Data extract
= = = =

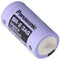 Panasonic lithium 3V battery BR 2 / 3AGN 2/3 A high temperature cell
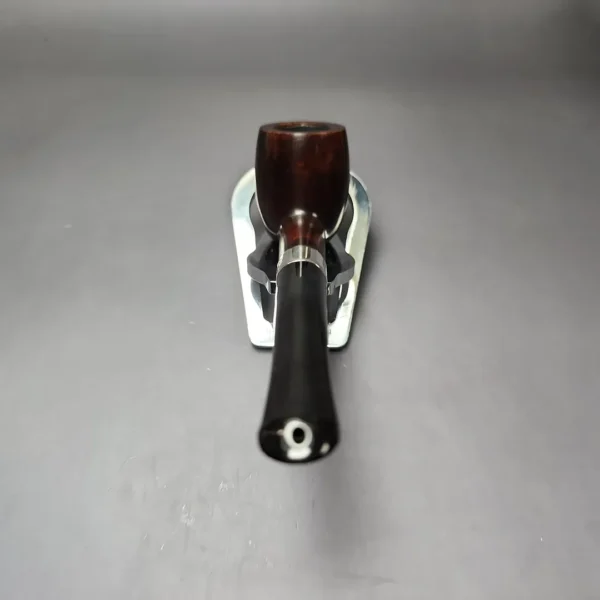 Peterson's St Patrick's Day 2025 15 Heritage Smooth Billiard Estate Briar Pipe, Unsmoked - Image 4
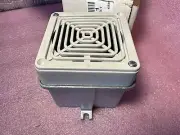 Ametek NT2-12D Novatone Horn 12v-dc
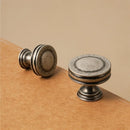 Quale Knob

= = = =

What is being asked
Set down all of the material word for word, but keep each picture out.

Problem solution
 Panasonic lithium 3V battery BR 2 / 3AGN 2/3 A high temperature cell
 Peterson's St Patrick's Day 2025 15 Heritage Smooth Billiard Estate Briar Pipe, Unsmoked - Image 4
 Ametek NT2-12D Novatone Horn 12v-dc
 Quale Knob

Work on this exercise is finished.